To be sure, stress and demands on your time will no doubt increase with more responsibilities. Even so, you don’t have to let your stress become chronic. In fact, you can prevent the stress of the burnout from turning into deeper depression or mental illness by employing these simple stress management tips.

Put it down for a while. A lecturer, when explaining stress management to an audience, raised a glass of water and asked, “How heavy is this glass of water?” Answers called out ranged from 20g to 500g.

The lecturer replied, “The absolute weight doesn’t matter. It depends on how long you try to hold it. If I hold it for a minute, that’s not a problem. If I hold it for an hour, I’ll have an ache in my right arm. If I hold it for a day, you’ll have to call an ambulance. In each case, it’s the same weight, but the longer I hold it, the heavier it becomes.” He continued, “And that’s the way it is with stress management.
If we carry our burdens all the time, sooner or later, as the burden becomes increasingly heavy, we won’t be able to carry on.”

As with the glass of water, you have to put it down for a while and rest before holding it again. When we’re refreshed, we can carry on with the burden. So, before you return home tonight, put the burden of work down. Don’t carry it home. You can pick it up tomorrow. Whatever burdens you’re carrying now, let them down for a moment if you can. If you’re sleeping late; what does that mean?
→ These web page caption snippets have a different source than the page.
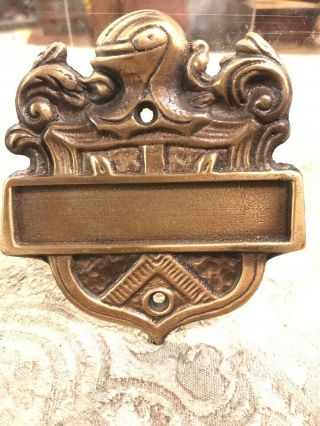 Vintage Brass Door Name Plate Crest Plaque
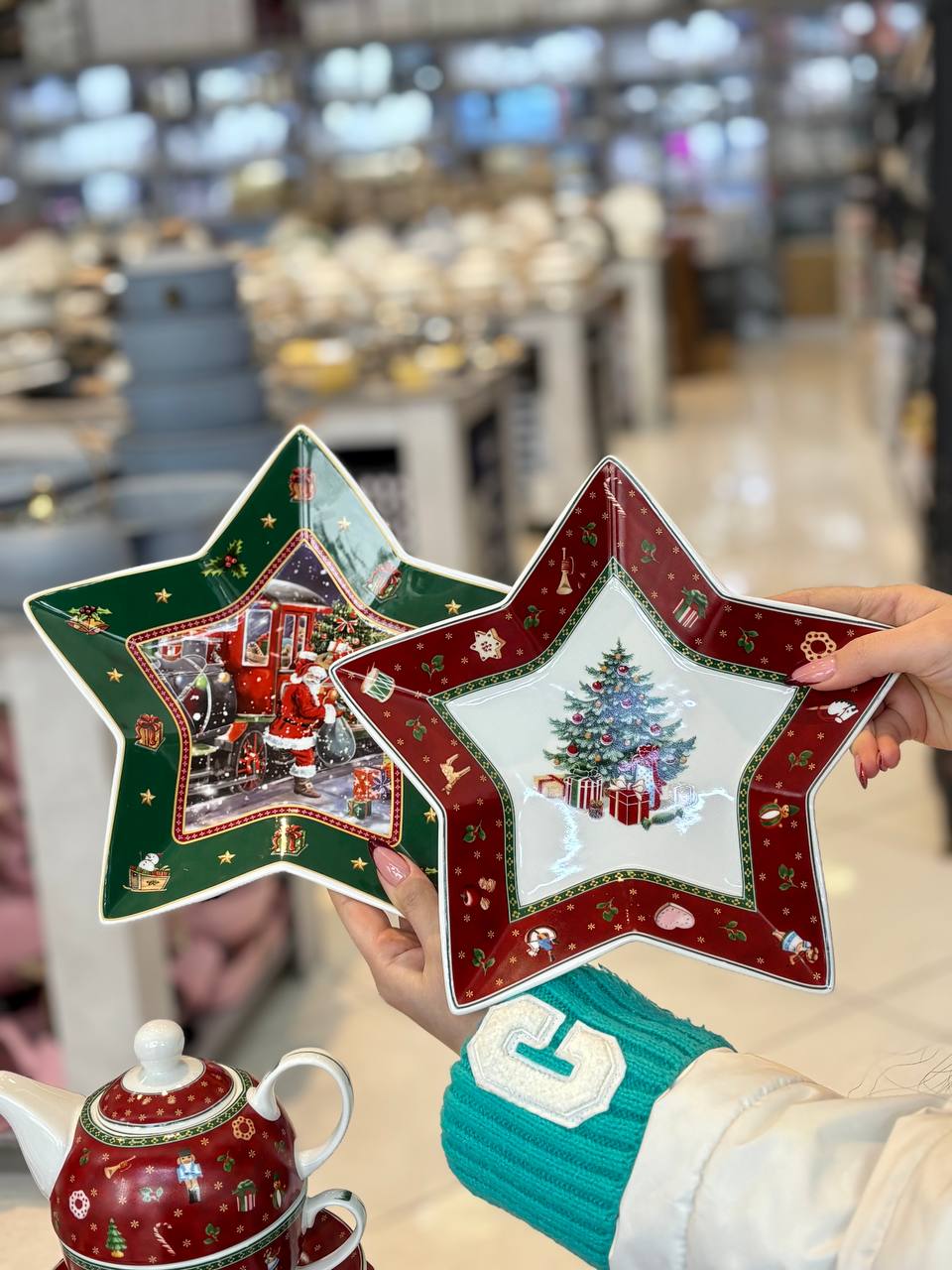 دیس ستاره در دو مدل و سبز تکی کریسمسی بابانوئل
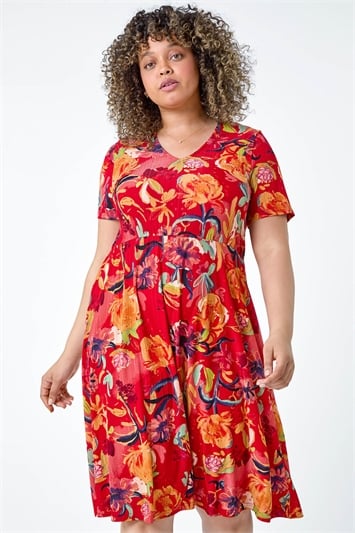 Curve Floral Print Stretch Jersey Dress 14528878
Are you exhausted, or just disengaged?

Do one thing at a time; learn to prioritize. Everyone’s so distracted with social media and all their slash jobs these days, try picking one thing you really want to do and just get it done. Prioritize. It’ll provide a sense of accomplishment and control. You don’t need to know the instant you get an email, or a text, or a tweet, or anything else that pops up on your phone or computer. If something is important enough for you to do, it’s important enough for you to do without interruptions. Focus totally on what you’re doing. Then, on a schedule you set – instead of a schedule you let everyone else set – play prairie dog and pop your head up to see what’s happening.

Just listen. When you need to gain some perspective, resist the urge to seek out more information. Turn off all the sources of communication, all the noise that distracts you. Just be quiet and listen to your own inner thoughts. Don’t judge them; just listen. The answers to life’s most difficult challenges are always there.

So, my friend, why not take a while to just simply relax, prioritize, and just listen? Put down anything that may be a burden to you right now. Don’t pick it up again until after you’ve rested a while. Life is short. Enjoy it!